→ **Exercise input**
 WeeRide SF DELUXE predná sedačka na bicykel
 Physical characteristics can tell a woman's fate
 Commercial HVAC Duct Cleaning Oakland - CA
...
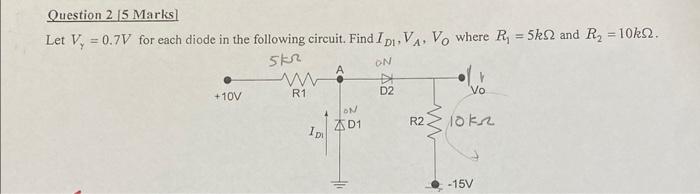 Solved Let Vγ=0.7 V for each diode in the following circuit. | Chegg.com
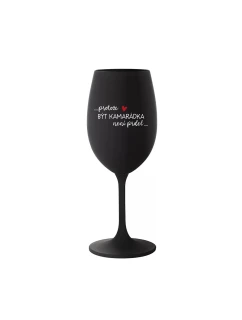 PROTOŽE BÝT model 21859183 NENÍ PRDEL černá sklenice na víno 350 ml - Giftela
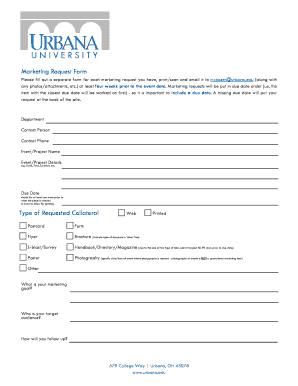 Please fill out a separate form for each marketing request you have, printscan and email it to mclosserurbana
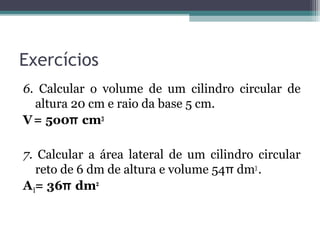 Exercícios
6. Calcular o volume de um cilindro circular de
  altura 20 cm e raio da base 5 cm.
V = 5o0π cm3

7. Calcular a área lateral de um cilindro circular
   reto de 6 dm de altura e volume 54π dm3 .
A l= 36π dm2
...
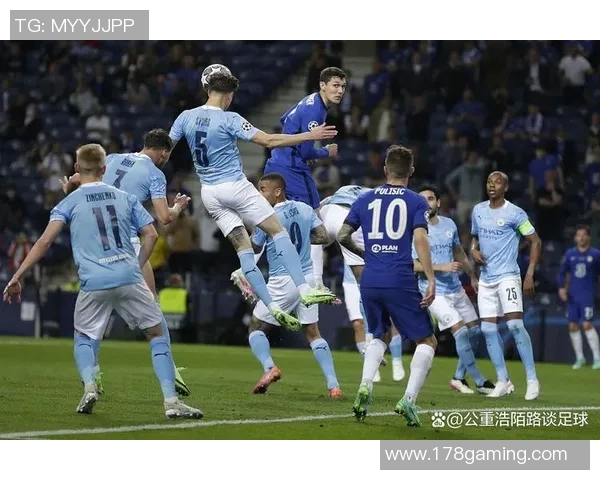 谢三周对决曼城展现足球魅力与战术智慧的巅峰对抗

→ **Work to complete**
Read through the data above. Report each line that has the word "altura".

→ **Written answer**
  altura 20 cm e raio da base 5 cm.
   reto de 6 dm de altura e volume 54π dm3 .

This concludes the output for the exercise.